## [Aim of the task]
In the copy, keep the lines from the first line of the material below through the line containing "But people can" exactly as they are, and include no pictures.

## [Data provided]

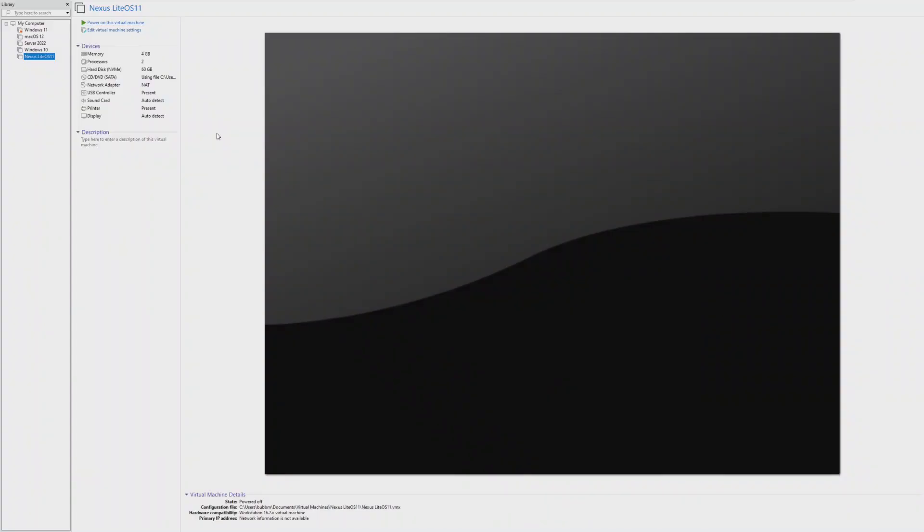Hey guys, it's Bub here. If you remember, a few months ago we took a look at Tiny 10, a miniature version of Windows 10 that was designed for really low-end systems. I believe it only took up roughly 500 megabytes of storage, and it was extremely lightweight on resources.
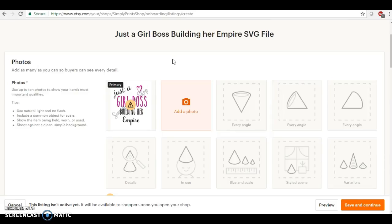But people can also use this file for like print on demand. A lot of people are into selling t-shirts, they can use this file to drag over onto t-shirts, they can use it to drag over onto a coffee mug. You know, the possibilities are absolutely endless on what you can do with this file.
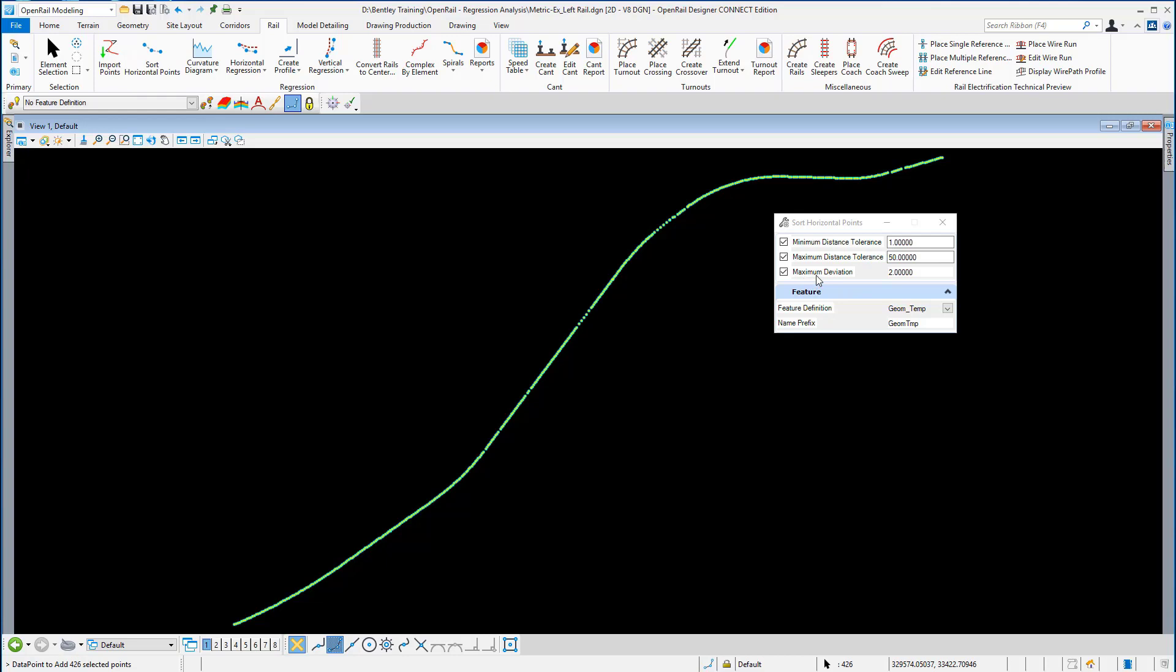We're going to set a maximum deviation. This is the deviation angle between the associated points. We're going to set that as 2. The feature definition we're going to set to job temp, and the name we're going to give to this sorted line we're going to call it the existing left rail.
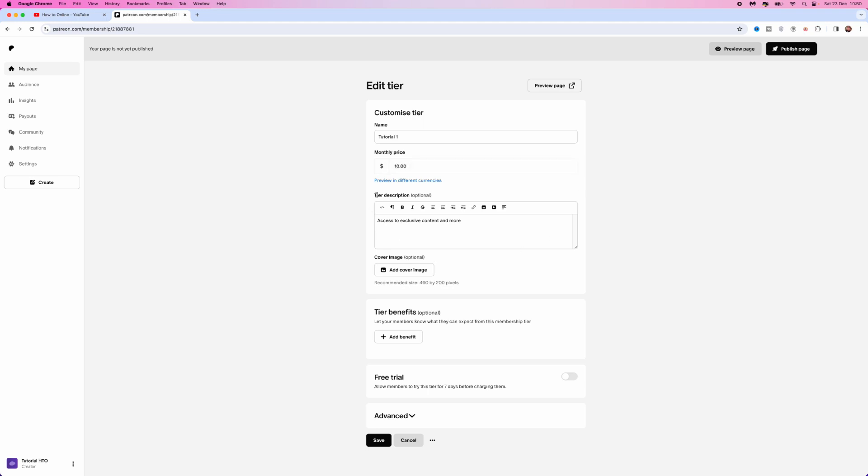Then you can put in a description about your tier if you want to. This is optional, so you can leave it blank. From there, you can add a cover image. This shows a preview of what you will get in the membership or just something really simple.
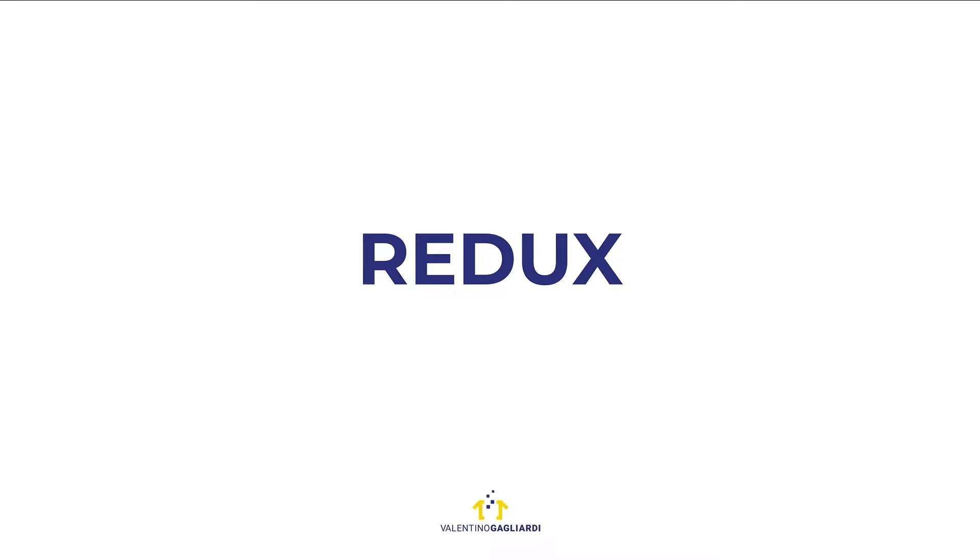Welcome back to my channel and welcome to this Redux course. This course is for you if you are just learning Redux from scratch or also if you need a refresh.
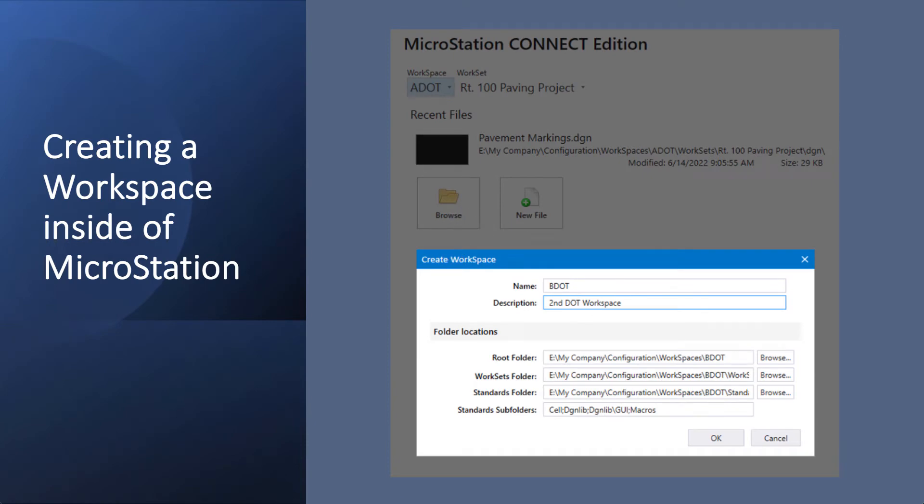Once you've created those custom configurations and you open up MicroStation and you see your configurations there, you can choose to see a list of your workspaces and worksets there.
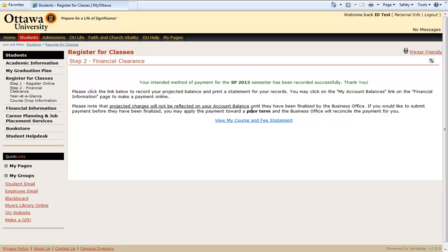Now we can look at the course and fee statement. This will tell us the course is listed and the tuition balance. Please note that tuition may be subject to change.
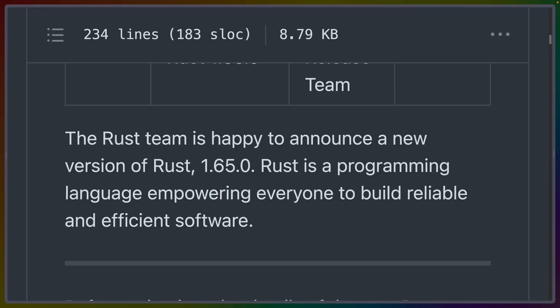The six-week release cycle is up once again, and we have a new Rust release 1.65.0. Rust, if you're unfamiliar, is a programming language empowering everyone to build reliable and efficient software.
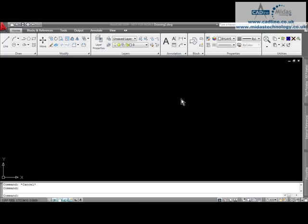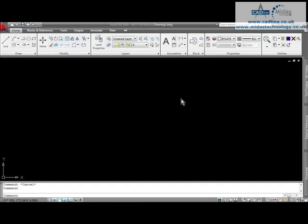However, if they really don't like it, I can always show them how to get it back to how they previously liked it. Now this is quite simple. We use the AutoCAD workspace settings. These can be found under your menus, or if we come down to the bottom right hand corner, we can click here.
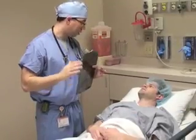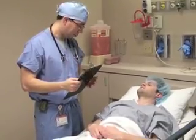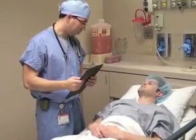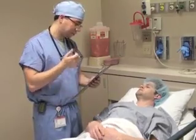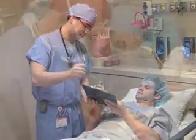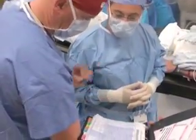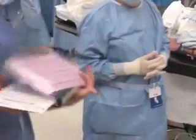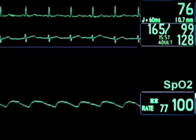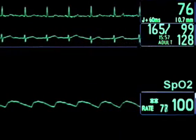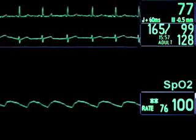When possible, explain the procedure to the patient and obtain written informed consent. Complications such as infection and bleeding should be discussed. A procedural timeout and checklist must be reviewed before you start the procedure. Continuous electrocardiography and pulse oximetry monitoring should be maintained throughout the procedure.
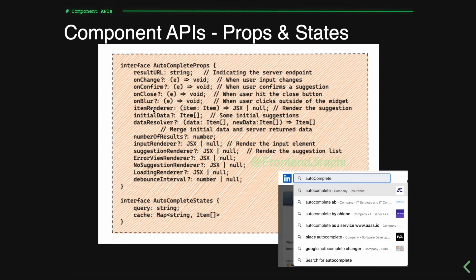The itemRenderer is specified to decide what the suggestion item looks like. As you can see in the LinkedIn example, we can specify the item renderer to return a suggestion with its name, type, and industry. The numberOfResults is pretty obvious. We also have inputRenderer, suggestionRenderer, arrowViewRenderer, noSuggestionRenderer, and loadingRenderer to define what each section looks like. Finally, we can specify a debounce interval to indicate how long the request is going to be debounced.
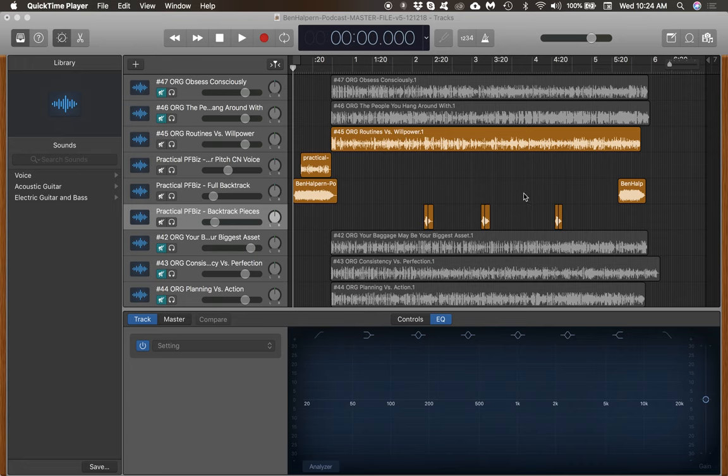Today I'm going to show you how to export a podcast into iTunes and how to take that into Podbean. Follow along because these are the exact steps.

## [Answer to this problem]
Hey guys, it's Bub here. If you remember, a few months ago we took a look at Tiny 10, a miniature version of Windows 10 that was designed for really low-end systems. I believe it only took up roughly 500 megabytes of storage, and it was extremely lightweight on resources.
But people can also use this file for like print on demand. A lot of people are into selling t-shirts, they can use this file to drag over onto t-shirts, they can use it to drag over onto a coffee mug. You know, the possibilities are absolutely endless on what you can do with this file.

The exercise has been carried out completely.